■ TASK TO COMPLETE ■
Without the images, repeat every line of the listing verbatim.

++++ DATASET CONTENT

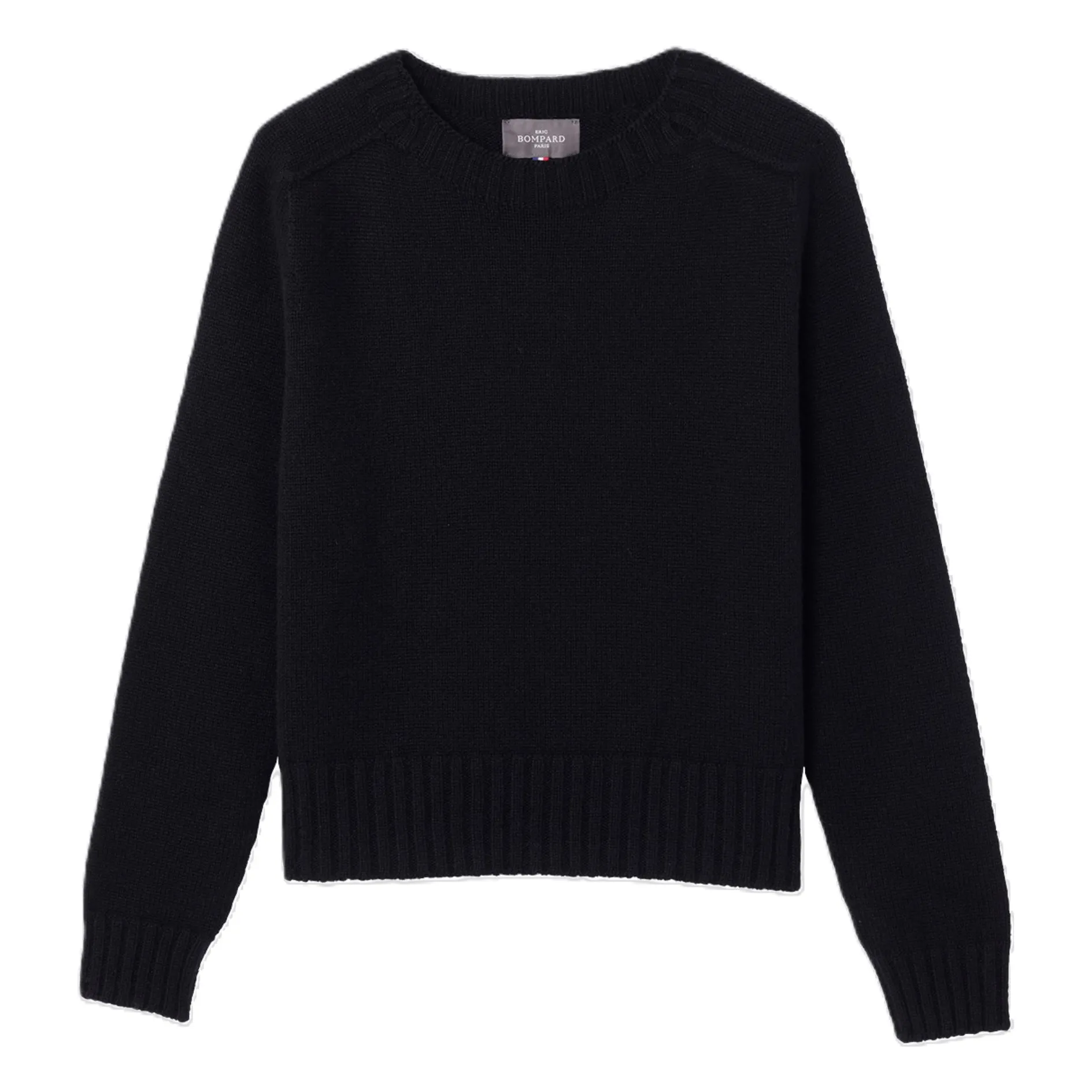 Bompard Black Round Neck Sweater Hammer Sleeve Cashmere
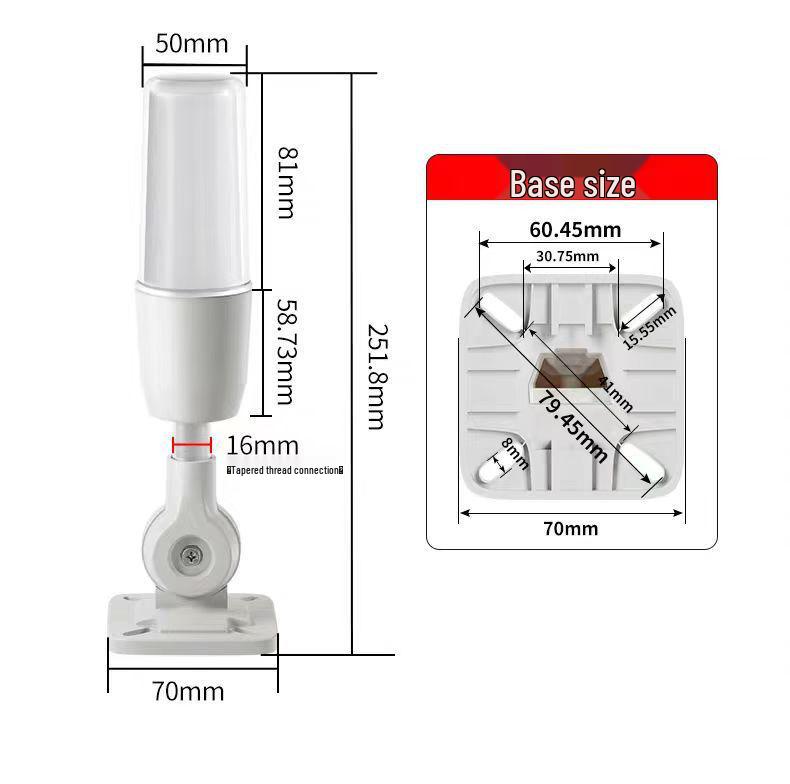 24V CNC Machine Tool Signal Light: Integrated Three-Color LED Alarm with Audible and Visual Alerts
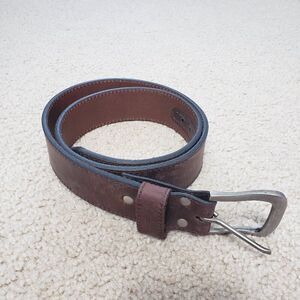 Unbranded Distressed Brown Leather Belt Mens Size 36 Silver Buckle Casual NEW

++++++++

■ RESPONSE TO THE TASK ■
 Bompard Black Round Neck Sweater Hammer Sleeve Cashmere
 24V CNC Machine Tool Signal Light: Integrated Three-Color LED Alarm with Audible and Visual Alerts
 Unbranded Distressed Brown Leather Belt Mens Size 36 Silver Buckle Casual NEW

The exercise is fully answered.